Date: 18th November
Venue: o2 Academy, Sheffield
A lot has changed in the three and a half years since Billy Corgan and co. last graced our shores – drummer and last co-founding member Jimmy Chamberlin quit/got fired (depending on whose story you read) and in the wake of the disastrous 20th anniversary tour, when they were once headlining Reading & Leeds Festival and selling out 02 arenas, tonight they are playing the slightly more modest Sheffield academy.
They open explosively with two songs from their upcoming LP Oceania, entitled ‘Quasar’ and ‘Panopticon’, both propelled by chugging riffs and new drummer Mike Byrne’s astonishing power on the sticks (making him a more than fitting replacement for Chamberlin and his jazz-rock freakouts). A clear highlight in terms of new songs though comes from ‘Pinwheels’, with dreamy lyrics of ‘floating away’ and accompanied initially by a bouncing keyboard ostinato before building slowly into a beautiful guitar symphony, the song could easily be mistaken for an outtake from either of their first two albums.
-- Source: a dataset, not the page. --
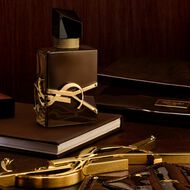 عطر ليبر سانتال كوتور faces عطر ليبر سانتال كوتور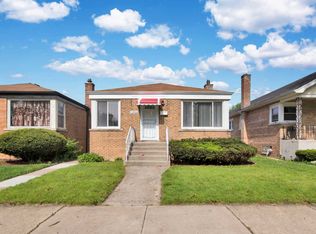 12516 S Throop St, Calumet Park, IL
It also fits in nicely with the set’s extensive mining of these records–1991’s Gish and their 1993 magnum opus Siamese Dream (both of which are due for reissue later this year)–which includes an unbelievably frenetic rendition of ‘Geek USA’ and a glorious evening-highlight in the form of ‘Cherub Rock’.
Whilst Corgan’s voice in recent years has often veered into a nasally whine that spoils some of the Pumpkins’ older songs, tonight it sounds as ethereal as it did on those early albums. The absence of crowd-pleasers ‘1979’, ‘Today’ or ‘Tonight, Tonight’ was a shame (also since the set was considerably shorter than their gig at the O2 arena a few years ago, which stretched to over two and half hours), although the fan-favourite b-side ‘Starla’ made a more than welcome appearance three songs in. Also disappointing was the total lack of Corgan’s usually hilarious stage banter, especially since the more intimate setting invited such an engagement; however, not a word was spoken to the crowd between songs. Although his moodiness is easily explained: after all, the world is a vampire, sent to drain.